- **TASK DIRECTIONS**: Only the lines containing "Closure" should appear in the answer, copied from the listing below.

- **INFORMATION SUPPLIED**:
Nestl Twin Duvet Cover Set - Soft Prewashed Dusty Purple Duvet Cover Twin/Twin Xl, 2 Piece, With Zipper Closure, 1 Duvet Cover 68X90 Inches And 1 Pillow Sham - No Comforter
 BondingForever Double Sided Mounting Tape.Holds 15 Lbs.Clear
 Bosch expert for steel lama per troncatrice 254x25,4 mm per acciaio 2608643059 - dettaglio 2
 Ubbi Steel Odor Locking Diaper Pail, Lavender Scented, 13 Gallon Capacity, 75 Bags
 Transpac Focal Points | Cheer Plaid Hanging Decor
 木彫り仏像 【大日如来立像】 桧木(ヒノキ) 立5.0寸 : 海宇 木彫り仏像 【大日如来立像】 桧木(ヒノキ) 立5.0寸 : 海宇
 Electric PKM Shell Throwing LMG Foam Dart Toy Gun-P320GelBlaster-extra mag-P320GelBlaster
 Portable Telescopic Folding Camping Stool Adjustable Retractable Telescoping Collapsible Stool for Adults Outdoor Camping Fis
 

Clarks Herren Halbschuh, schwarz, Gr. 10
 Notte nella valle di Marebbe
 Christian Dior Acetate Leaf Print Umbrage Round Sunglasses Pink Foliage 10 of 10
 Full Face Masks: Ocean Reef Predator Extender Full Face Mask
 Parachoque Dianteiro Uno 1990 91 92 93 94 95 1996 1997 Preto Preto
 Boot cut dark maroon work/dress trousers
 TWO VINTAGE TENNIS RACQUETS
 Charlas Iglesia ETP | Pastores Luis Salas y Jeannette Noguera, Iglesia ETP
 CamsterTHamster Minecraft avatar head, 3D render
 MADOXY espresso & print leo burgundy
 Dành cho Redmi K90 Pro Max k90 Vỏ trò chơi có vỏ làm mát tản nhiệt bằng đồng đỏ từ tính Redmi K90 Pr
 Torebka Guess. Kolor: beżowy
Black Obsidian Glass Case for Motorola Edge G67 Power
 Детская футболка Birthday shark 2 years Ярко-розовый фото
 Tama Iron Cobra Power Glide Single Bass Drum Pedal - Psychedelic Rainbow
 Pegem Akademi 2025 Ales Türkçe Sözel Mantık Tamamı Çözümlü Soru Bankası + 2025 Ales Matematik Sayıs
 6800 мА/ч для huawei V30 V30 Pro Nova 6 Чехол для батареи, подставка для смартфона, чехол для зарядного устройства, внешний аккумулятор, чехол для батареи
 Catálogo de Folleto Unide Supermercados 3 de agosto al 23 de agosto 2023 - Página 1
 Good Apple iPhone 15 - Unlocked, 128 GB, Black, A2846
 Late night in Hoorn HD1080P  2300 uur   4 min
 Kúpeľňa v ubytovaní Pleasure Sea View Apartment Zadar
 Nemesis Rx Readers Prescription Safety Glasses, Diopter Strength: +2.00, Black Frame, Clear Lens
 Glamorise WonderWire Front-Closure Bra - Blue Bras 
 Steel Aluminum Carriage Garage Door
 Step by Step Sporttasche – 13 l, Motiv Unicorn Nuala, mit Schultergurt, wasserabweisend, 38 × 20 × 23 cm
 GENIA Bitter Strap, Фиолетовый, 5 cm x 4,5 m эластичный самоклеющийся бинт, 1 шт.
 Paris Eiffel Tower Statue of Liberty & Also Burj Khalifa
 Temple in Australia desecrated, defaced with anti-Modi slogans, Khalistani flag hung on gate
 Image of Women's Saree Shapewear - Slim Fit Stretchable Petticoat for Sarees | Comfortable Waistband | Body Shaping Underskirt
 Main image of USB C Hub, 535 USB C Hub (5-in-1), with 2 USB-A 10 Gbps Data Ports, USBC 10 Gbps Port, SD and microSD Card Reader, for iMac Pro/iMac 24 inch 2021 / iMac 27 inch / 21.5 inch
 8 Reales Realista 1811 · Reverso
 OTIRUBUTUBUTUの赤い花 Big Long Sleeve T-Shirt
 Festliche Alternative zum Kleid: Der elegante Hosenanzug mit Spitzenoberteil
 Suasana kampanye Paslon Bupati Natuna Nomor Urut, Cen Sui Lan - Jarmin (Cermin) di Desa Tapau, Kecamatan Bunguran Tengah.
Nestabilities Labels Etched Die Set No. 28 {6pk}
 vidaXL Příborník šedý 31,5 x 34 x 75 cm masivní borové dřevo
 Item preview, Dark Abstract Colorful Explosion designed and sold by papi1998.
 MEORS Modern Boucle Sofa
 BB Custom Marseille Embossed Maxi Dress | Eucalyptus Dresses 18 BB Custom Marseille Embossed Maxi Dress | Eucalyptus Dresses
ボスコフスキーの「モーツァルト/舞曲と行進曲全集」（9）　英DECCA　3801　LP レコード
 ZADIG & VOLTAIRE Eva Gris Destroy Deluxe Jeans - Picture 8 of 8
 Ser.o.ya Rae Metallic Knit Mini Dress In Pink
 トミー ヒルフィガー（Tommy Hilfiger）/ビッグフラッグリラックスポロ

- **FINISHED EXERCISE**:
Nestl Twin Duvet Cover Set - Soft Prewashed Dusty Purple Duvet Cover Twin/Twin Xl, 2 Piece, With Zipper Closure, 1 Duvet Cover 68X90 Inches And 1 Pillow Sham - No Comforter
 Glamorise WonderWire Front-Closure Bra - Blue Bras 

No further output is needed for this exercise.